Solving Markov Decision Processes Using Linear Programming

This post presents a solution to a Markov Decision Process (MDP) problem using linear programming (LP). We explore a recycling robot problem that optimizes actions to collect soda cans while managing battery levels. The approach is based on Bellman optimality equations and implemented in Python using the cvxpy library.

View Project on GitHub

Introduction

This document presents a solution to a Markov Decision Process (MDP) problem using linear programming (LP). The problem, as proposed by Sutton and Barto, involves optimizing the actions of a robot that collects soda cans while managing its battery levels efficiently.

Problem Statement

The robot operates in two battery states: high and low. Depending on the state, the robot can choose among several actions:

Search for cans: Yields an expected reward of 2, but in the high state, it risks transitioning to the low state with probability 1 - α. In the low state, searching risks running out of battery, penalized by -3 (after which the battery is set to high state).
Wait for cans: Provides an expected reward of 1 and keeps the battery state unchanged.
Charge the battery: Available only in the low state, it transitions to the high state without a direct reward.

The objective is to maximize the cumulative discounted reward with a discount factor γ = 0.9.

Mathematical Formulation

Using the Bellman optimality equations, the problem is formulated as an LP. Let $v(h)$ and $v(l)$ represent the value functions for the high and low battery states, respectively.

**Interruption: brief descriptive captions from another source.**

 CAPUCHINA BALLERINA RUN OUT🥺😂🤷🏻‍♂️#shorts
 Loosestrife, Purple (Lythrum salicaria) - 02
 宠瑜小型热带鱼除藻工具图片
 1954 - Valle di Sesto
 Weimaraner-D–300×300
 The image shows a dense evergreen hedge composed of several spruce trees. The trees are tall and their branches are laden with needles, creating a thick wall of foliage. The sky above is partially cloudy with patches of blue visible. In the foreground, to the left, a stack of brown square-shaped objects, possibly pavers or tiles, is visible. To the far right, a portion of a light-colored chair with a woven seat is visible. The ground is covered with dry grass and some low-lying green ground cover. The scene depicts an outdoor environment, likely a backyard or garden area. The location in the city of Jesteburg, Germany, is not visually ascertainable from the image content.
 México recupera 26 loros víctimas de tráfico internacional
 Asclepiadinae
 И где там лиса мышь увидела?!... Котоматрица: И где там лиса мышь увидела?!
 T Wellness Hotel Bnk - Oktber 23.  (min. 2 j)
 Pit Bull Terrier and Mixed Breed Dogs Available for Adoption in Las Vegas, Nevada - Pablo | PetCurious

The rewards are defined as $r_{\text{search}} = 2$ and $r_{\text{wait}} = 1$. The constraints are derived as follows:

High state (h): $v(h) \geq r_{\text{wait}} + \gamma \cdot v(h)$ $v(h) \geq r_{\text{search}} + \gamma \cdot (\alpha \cdot v(h) + (1 - \alpha) \cdot v(l))$

Low state (l): $v(l) \geq r_{\text{wait}} + \gamma \cdot v(l)$ $v(l) \geq \gamma \cdot v(h)$ $v(l) \geq \beta \cdot r_{\text{search}} - 3 \cdot (1 - \beta) + \gamma \cdot ((1 - \beta) \cdot v(h) + \beta \cdot v(l))$

The LP formulation is: Minimize: $v(h)$ (or $v(h) + v(l)$) Subject to: the above constraints.

Python Implementation

The following Python code uses the cvxpy library to solve the linear programming formulation of the recycling robot problem:

import cvxpy as cp

def recycling_robot(alpha, beta, r_s=2, r_w=1, gamma=0.9):
    # Decision variables
    v_h = cp.Variable(name="v_h")  # Value for high state
    v_l = cp.Variable(name="v_l")  # Value for low state

    # Objective
    objective = cp.Minimize(v_h)  # we can also use v_h + v_l

    # Constraints (Bellman)
    constraints = [
        # high -> wait
        v_h >= r_w + gamma * v_h,

        # high -> search
        v_h >= r_s + gamma * (alpha * v_h + (1 - alpha) * v_l),

        # low -> wait
        v_l >= r_w + gamma * v_l,

        # low -> recharge
        v_l >= gamma * v_h,

        # low -> search
        v_l >= beta * r_s - 3 * (1 - beta) + gamma * ((1 - beta) * v_h + beta * v_l)
    ]

    # Solve the problem using a linear programming solver
    # Ensure GLPK or another suitable LP solver is installed.
    # Other options: cp.ECOS, cp.SCS (though GLPK is good for pure LPs)
    prob = cp.Problem(objective, constraints)
    prob.solve(solver=cp.GLPK) 

    # Check if the problem was solved successfully
    if prob.status not in ["optimal", "optimal_inaccurate"]:
        print(f"Problem not solved optimally. Status: {prob.status}")
        return {
            "v_h": None, "v_l": None,
            "pi_h": None, "pi_l": None,
            "status": prob.status
        }

    # Convert v_h and v_l to float
    v_h_val = float(v_h.value)
    v_l_val = float(v_l.value)

    # Calculate optimal policies
    pi_h = -1 # Undetermined
    pi_l = -1 # Undetermined

    eps = 1e-5 # A small epsilon for float comparisons

    # Determine policy for high state
    if abs(v_h_val - (r_w + gamma * v_h_val)) < eps:
        pi_h = "wait"
    elif abs(v_h_val - (r_s + gamma * (alpha * v_h_val + (1 - alpha) * v_l_val))) < eps:
        pi_h = "search"

    # Determine policy for low state
    if abs(v_l_val - (r_w + gamma * v_l_val)) < eps:
        pi_l = "wait"
    elif abs(v_l_val - (gamma * v_h_val)) < eps:
        pi_l = "recharge"
    elif abs(v_l_val - (beta * r_s - 3 * (1 - beta) + gamma * ((1 - beta) * v_h_val + beta * v_l_val))) < eps:
        pi_l = "search"
    
    # Fallback if multiple conditions are met (due to floating point issues or multiple optimal actions)
    # This simple check might need refinement for robust policy extraction if multiple actions are truly optimal.
    # For now, it picks the first one that matches.

    return {
        "v_h": v_h_val,
        "v_l": v_l_val,
        "pi_h": pi_h,
        "pi_l": pi_l,
    }

Results and Discussion

The approach presented successfully solves the recycling robot problem using Python. The results illustrate the optimal value functions and policies for 𝛼 ∈ ( 0 , 1 ) α∈(0,1) and 𝛽 ∈ ( 0 , 1 ) β∈(0,1) , demonstrating how MDPs can be effectively solved using LP.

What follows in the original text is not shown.